▶ **TASK PROMPT**
Copy out the data exactly, leaving the pictures behind.

::: SOURCE MATERIAL

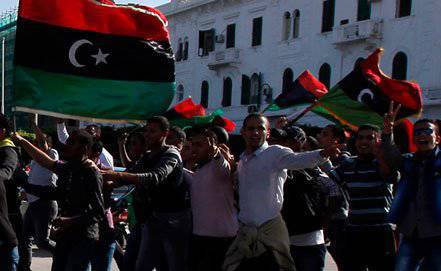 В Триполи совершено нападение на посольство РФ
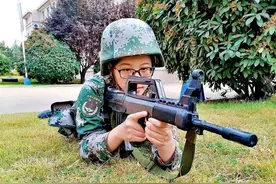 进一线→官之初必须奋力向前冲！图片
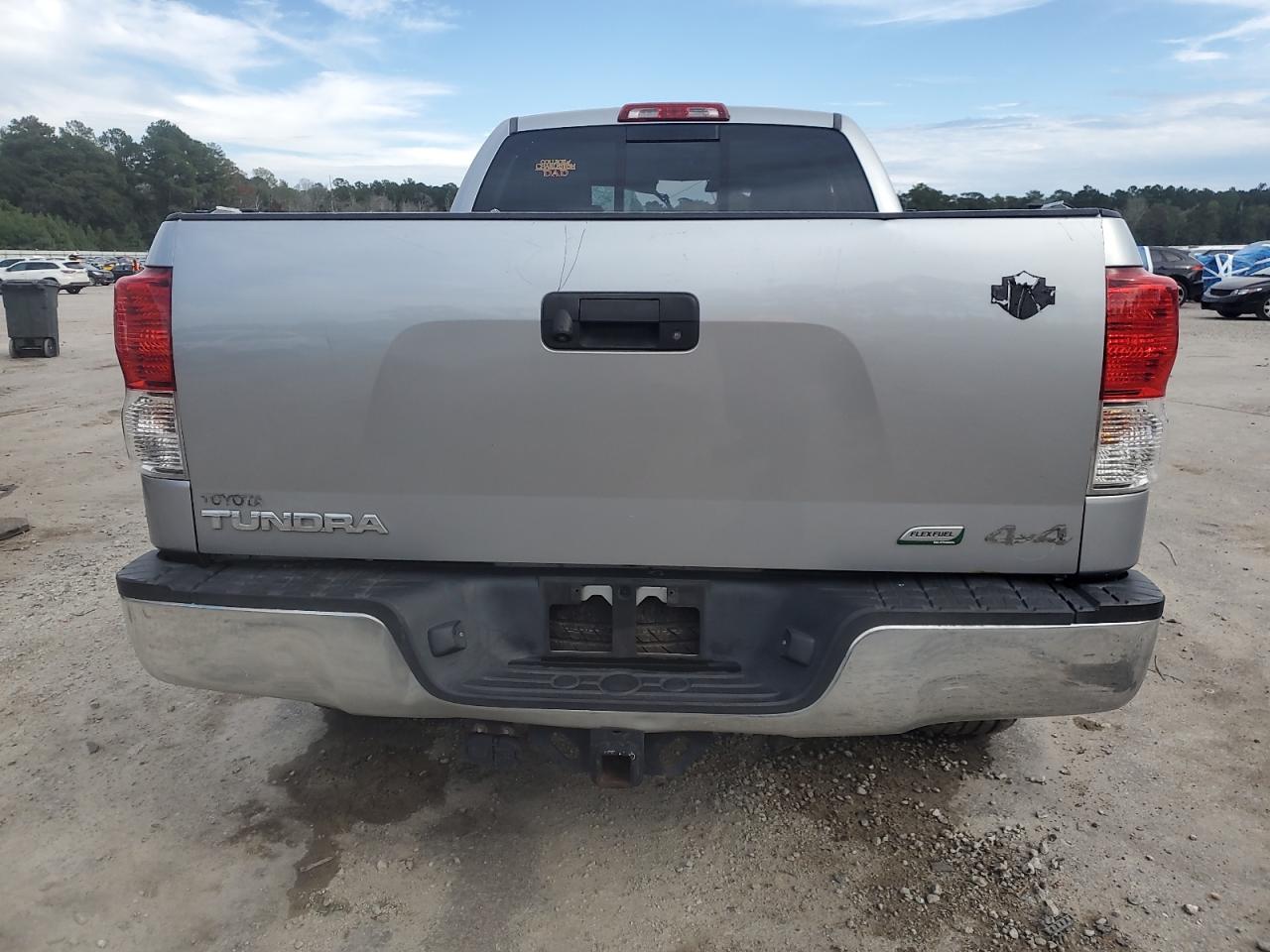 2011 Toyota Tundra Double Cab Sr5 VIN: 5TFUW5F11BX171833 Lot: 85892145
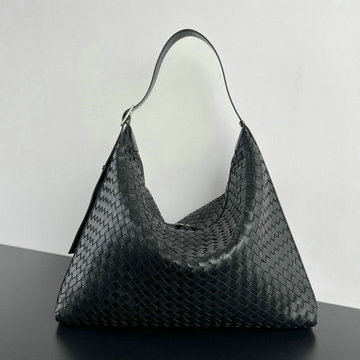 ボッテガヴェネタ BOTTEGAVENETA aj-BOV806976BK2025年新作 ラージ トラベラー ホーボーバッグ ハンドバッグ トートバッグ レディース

::::::

▶ **RESPONSE TO THE TASK**
 В Триполи совершено нападение на посольство РФ
 进一线→官之初必须奋力向前冲！图片
 2011 Toyota Tundra Double Cab Sr5 VIN: 5TFUW5F11BX171833 Lot: 85892145
 ボッテガヴェネタ BOTTEGAVENETA aj-BOV806976BK2025年新作 ラージ トラベラー ホーボーバッグ ハンドバッグ トートバッグ レディース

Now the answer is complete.